═══ Input data ═══

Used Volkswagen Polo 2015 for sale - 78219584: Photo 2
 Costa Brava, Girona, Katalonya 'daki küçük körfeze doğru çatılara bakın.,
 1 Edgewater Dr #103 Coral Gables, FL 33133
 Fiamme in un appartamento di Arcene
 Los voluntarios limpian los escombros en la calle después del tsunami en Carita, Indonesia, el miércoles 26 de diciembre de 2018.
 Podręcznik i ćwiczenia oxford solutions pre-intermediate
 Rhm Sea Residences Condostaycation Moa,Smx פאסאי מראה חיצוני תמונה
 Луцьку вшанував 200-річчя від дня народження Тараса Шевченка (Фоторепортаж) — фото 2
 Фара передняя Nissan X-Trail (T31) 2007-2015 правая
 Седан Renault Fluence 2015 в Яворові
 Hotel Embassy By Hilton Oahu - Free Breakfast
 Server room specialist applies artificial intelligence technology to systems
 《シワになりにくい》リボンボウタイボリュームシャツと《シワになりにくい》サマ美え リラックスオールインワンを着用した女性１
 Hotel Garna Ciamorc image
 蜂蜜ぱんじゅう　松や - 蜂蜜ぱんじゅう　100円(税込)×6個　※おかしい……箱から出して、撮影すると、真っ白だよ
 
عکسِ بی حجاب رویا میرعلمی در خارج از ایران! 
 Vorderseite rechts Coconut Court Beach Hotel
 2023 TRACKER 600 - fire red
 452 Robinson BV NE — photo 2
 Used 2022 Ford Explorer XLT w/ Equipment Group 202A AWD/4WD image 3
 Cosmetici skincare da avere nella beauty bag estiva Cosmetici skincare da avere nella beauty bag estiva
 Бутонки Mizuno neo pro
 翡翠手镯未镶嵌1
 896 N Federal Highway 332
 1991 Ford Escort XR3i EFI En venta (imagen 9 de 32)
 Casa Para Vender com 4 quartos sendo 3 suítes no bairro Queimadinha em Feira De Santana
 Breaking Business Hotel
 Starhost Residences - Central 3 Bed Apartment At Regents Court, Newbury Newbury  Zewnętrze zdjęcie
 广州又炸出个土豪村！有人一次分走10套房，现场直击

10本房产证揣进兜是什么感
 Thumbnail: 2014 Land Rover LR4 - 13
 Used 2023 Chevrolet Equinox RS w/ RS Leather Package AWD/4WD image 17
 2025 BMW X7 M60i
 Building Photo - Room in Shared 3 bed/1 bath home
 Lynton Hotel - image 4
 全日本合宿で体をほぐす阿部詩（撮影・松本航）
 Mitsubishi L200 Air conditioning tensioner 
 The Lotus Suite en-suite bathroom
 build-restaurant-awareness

═══

### Problem to solve
Your output must be an exact copy of every entry.

### Exercise result
Used Volkswagen Polo 2015 for sale - 78219584: Photo 2
 Costa Brava, Girona, Katalonya 'daki küçük körfeze doğru çatılara bakın.,
 1 Edgewater Dr #103 Coral Gables, FL 33133
 Fiamme in un appartamento di Arcene
 Los voluntarios limpian los escombros en la calle después del tsunami en Carita, Indonesia, el miércoles 26 de diciembre de 2018.
 Podręcznik i ćwiczenia oxford solutions pre-intermediate
 Rhm Sea Residences Condostaycation Moa,Smx פאסאי מראה חיצוני תמונה
 Луцьку вшанував 200-річчя від дня народження Тараса Шевченка (Фоторепортаж) — фото 2
 Фара передняя Nissan X-Trail (T31) 2007-2015 правая
 Седан Renault Fluence 2015 в Яворові
 Hotel Embassy By Hilton Oahu - Free Breakfast
 Server room specialist applies artificial intelligence technology to systems
 《シワになりにくい》リボンボウタイボリュームシャツと《シワになりにくい》サマ美え リラックスオールインワンを着用した女性１
 Hotel Garna Ciamorc image
 蜂蜜ぱんじゅう　松や - 蜂蜜ぱんじゅう　100円(税込)×6個　※おかしい……箱から出して、撮影すると、真っ白だよ
 
عکسِ بی حجاب رویا میرعلمی در خارج از ایران! 
 Vorderseite rechts Coconut Court Beach Hotel
 2023 TRACKER 600 - fire red
 452 Robinson BV NE — photo 2
 Used 2022 Ford Explorer XLT w/ Equipment Group 202A AWD/4WD image 3
 Cosmetici skincare da avere nella beauty bag estiva Cosmetici skincare da avere nella beauty bag estiva
 Бутонки Mizuno neo pro
 翡翠手镯未镶嵌1
 896 N Federal Highway 332
 1991 Ford Escort XR3i EFI En venta (imagen 9 de 32)
 Casa Para Vender com 4 quartos sendo 3 suítes no bairro Queimadinha em Feira De Santana
 Breaking Business Hotel
 Starhost Residences - Central 3 Bed Apartment At Regents Court, Newbury Newbury  Zewnętrze zdjęcie
 广州又炸出个土豪村！有人一次分走10套房，现场直击

10本房产证揣进兜是什么感
 Thumbnail: 2014 Land Rover LR4 - 13
 Used 2023 Chevrolet Equinox RS w/ RS Leather Package AWD/4WD image 17
 2025 BMW X7 M60i
 Building Photo - Room in Shared 3 bed/1 bath home
 Lynton Hotel - image 4
 全日本合宿で体をほぐす阿部詩（撮影・松本航）
 Mitsubishi L200 Air conditioning tensioner 
 The Lotus Suite en-suite bathroom
 build-restaurant-awareness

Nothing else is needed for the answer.